This nicely written short paper reviews the results of the authors from [Sb. Math. 191, No. 8, 1191–1213 (2000; Zbl 0981.58018)] and [Sb. Math. 190, No. 8, 1195–1228 (1999; Zbl 0963.58008)]. The subspaces from the title are images in \(C^\infty(M,E)\) of pseudodifferential projections of order \(0\) over a closed manifold \(M\) which are “admissible”, in the sense that the parity of their symbol with respect to the antipodal map is opposite to the parity of \(\dim M\). There exists a map \(d\) from the semigroup of homotopy classes of such projections into \(\mathbb Z[1/2]\) with the following property: If \(A\) is an elliptic pseudodifferential operator with “parity” opposite to \(\dim M\), and \(L_+(A)\) is the image of the spectral projection coming from the nonnegative eigenvalues of \(A\), then \(d(L_+(A))\) coincides with the eta invariant of \(A\). This implies that \(\eta(A)\) belongs to \(\mathbb Z[1/2]\), which answers positively a conjecture of P. Gilkey [Adv.
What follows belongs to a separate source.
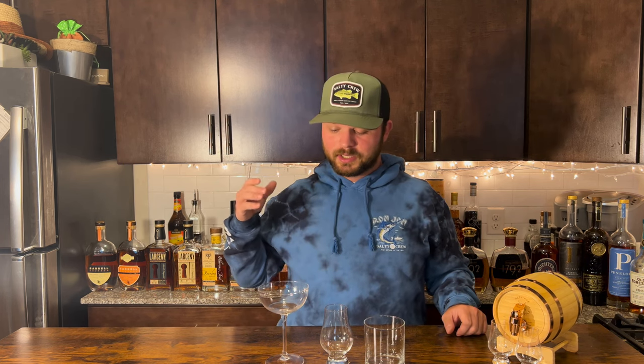Glass number three that we all need on our home bourbon bar is the coupe glass. It's primarily for Manhattans — as bourbon and rye drinkers, we need the Manhattan and we need a coupe glass. Coupe glasses are used for many other things as well, but traditionally for Manhattans with bourbons and ryes. That's going to do it for glassware.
Math. 58, 243–284 (1985; Zbl 0602.58041)]. The functional \(d\) appears also in an index formula for elliptic operators acting on subspaces as above, as well as for the index of certain boundary-value problems.
58J40 Pseudodifferential and Fourier integral operators on manifolds
58J28 Eta-invariants, Chern-Simons invariants